This is an automated email from the ASF dual-hosted git repository.
Yicong-Huang pushed a commit to branch release/v1.2
in repository https://gitbox.apache.org/repos/asf/texera.git
The following commit(s) were added to refs/heads/release/v1.2 by this push:
new 50051ad11e fix(amber): add timeout and retry to dataset file-service
requests (#5667)
50051ad11e is described below
commit 50051ad11e30f12dfb31db548c97bb1919bf90ed
Author: Matthew B. <[email protected]>
AuthorDate: Sun Jun 21 18:23:16 2026 +0000
fix(amber): add timeout and retry to dataset file-service requests (#5667)
### What changes were proposed in this PR?
- Route `DatasetFileDocument`'s presigned-URL fetch and file download
through a `requests.Session` configured with a `(5s connect, 10s read)`
timeout, so a hung or unreachable file-service fails in bounded time
instead of blocking the worker thread forever. The read timeout bounds
inactivity *between bytes*, not the total download time, so large
dataset files that stream steadily are unaffected; it only trips when
the connection stalls for 10s with no data.
- Mount a `urllib3` `Retry` policy on the session (3 retries,
exponential backoff, retrying on connection errors and 5xx). Both calls
are idempotent GETs, so the retry set is restricted to `GET`.

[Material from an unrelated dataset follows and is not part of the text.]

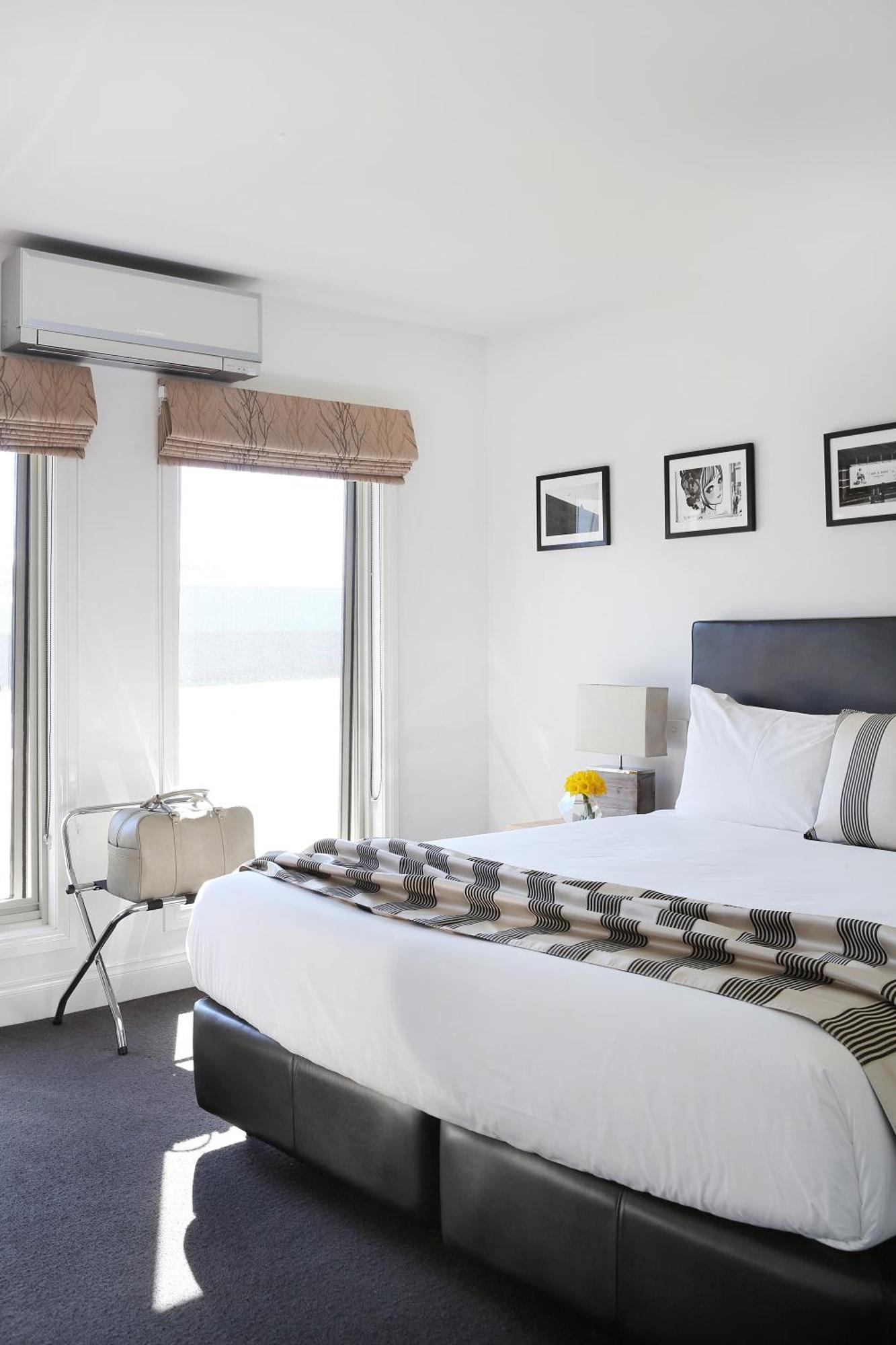 Mansi On Raymond Aparthotel Sale Bagian luar foto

- Translate network failures (connect/read timeouts and connection
errors, including those surfaced after retries are exhausted) into
`RuntimeError`, consistent with the module's existing failure handling,
so callers get a uniform error contract instead of a raw
`requests`/`urllib3` exception.
### Any related issues, documentation, discussions?
Closes: #5666
### How was this PR tested?
- Added `pytest` coverage in `test_dataset_file_document.py` (26 tests):
- asserts the `(connect, read)` timeout tuple is passed on both the
presigned-URL request and the file download;
- asserts the retry adapter is mounted for `http://` and `https://` with
the expected policy (`total=3`, `connect=3`, `read=3`,
`backoff_factor=0.5`, `status_forcelist={500,502,503,504}`, GET-only);
- asserts a `ReadTimeout` / `ConnectionError` is wrapped in
`RuntimeError` on both code paths.
- `ruff check` and `ruff format --check` pass on the modified files.
### Was this PR authored or co-authored using generative AI tooling?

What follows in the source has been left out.